The book The Game of Thrones, first in the fantasy series The Song of Fire and Ice, being made into a TV series on HBO. It’s probably the best long fantasy series I’ve ever read, though the ending hasn’t been written yet and, like many long fantasy series, its getting bogged down by too many characters. It’s still nowhere near the Wheel of Time which requires a dictionary of characters in the back. The draw of the Game of Thrones is the endless tragedy, the traditional sense. Characters are constantly being built up and full of hope, and then utterly destroyed. Reading it is like playing risk, but much better.
I mention it because there is a Mongolia analog in the Game of Thrones, a group of people called the Dothraki. They are obviously based on Mongolians and obviously very different. They are nomadic and herd horses, but no other animals. They live in what is described as a sea of grass, apparently much more fertile than the steppe of Mongolia. They take archery very seriously and often raid various nearby civilizations. Their leaders are called Khal, an obvious reference to the word Khan.

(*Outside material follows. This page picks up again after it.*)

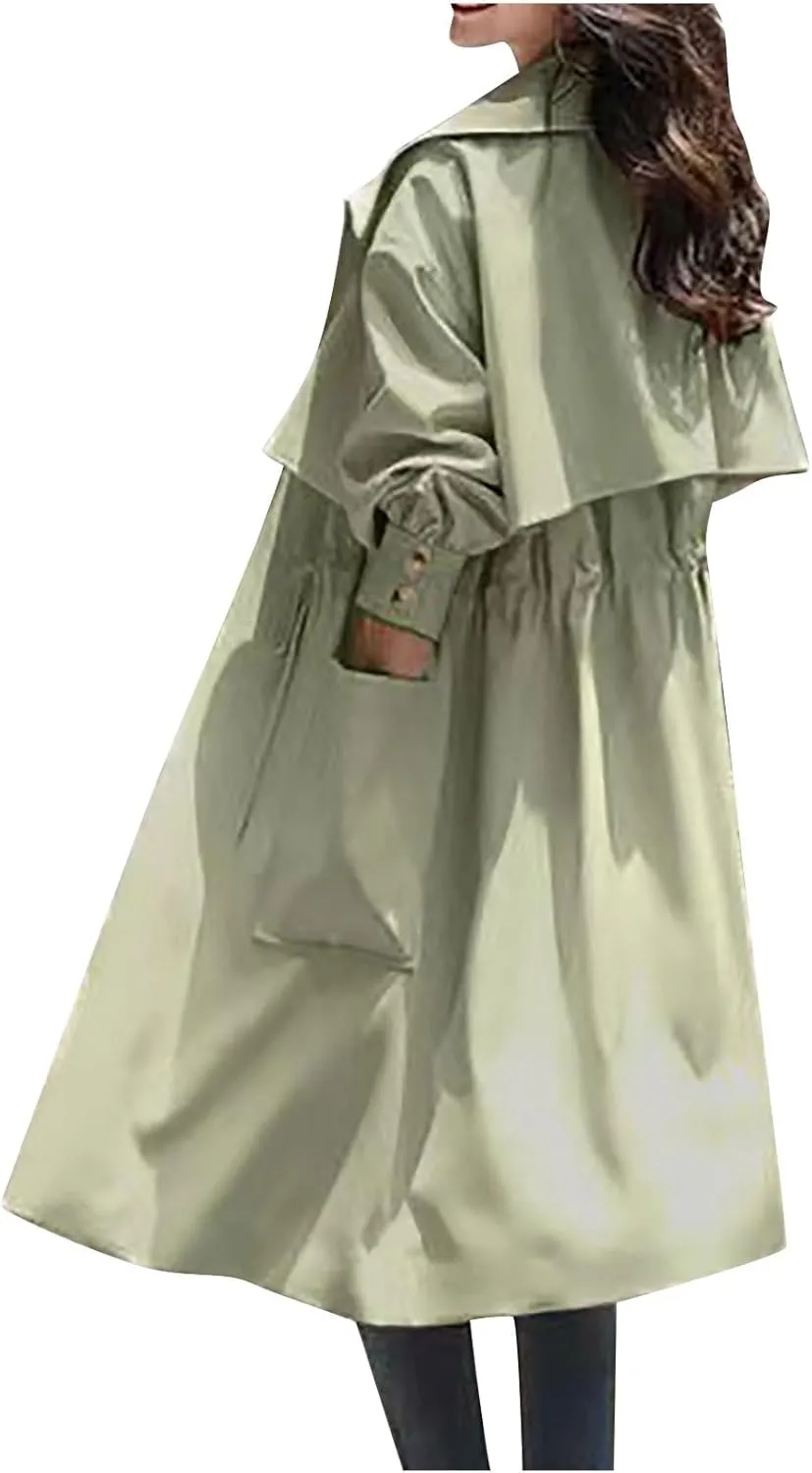 Women's Long Trench Coat Drawstring Waist Windbreaker Pockets Lapel Collar Tie Stylish Coat Outdoor Comfy Streetwear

The Dothraki are an example of essentialization. Ignoring the obvious additions, they are what many civilizations have stereotyped Central Asian Nomads as, brutal violent guys on horses. It’s interesting to see how ideas like this stick around and are used in various ways. I’m not saying that George R. R. Martin is in anyway wrong to do this, he’s only getting some ideas from history and using characters and ideas that people will recognize.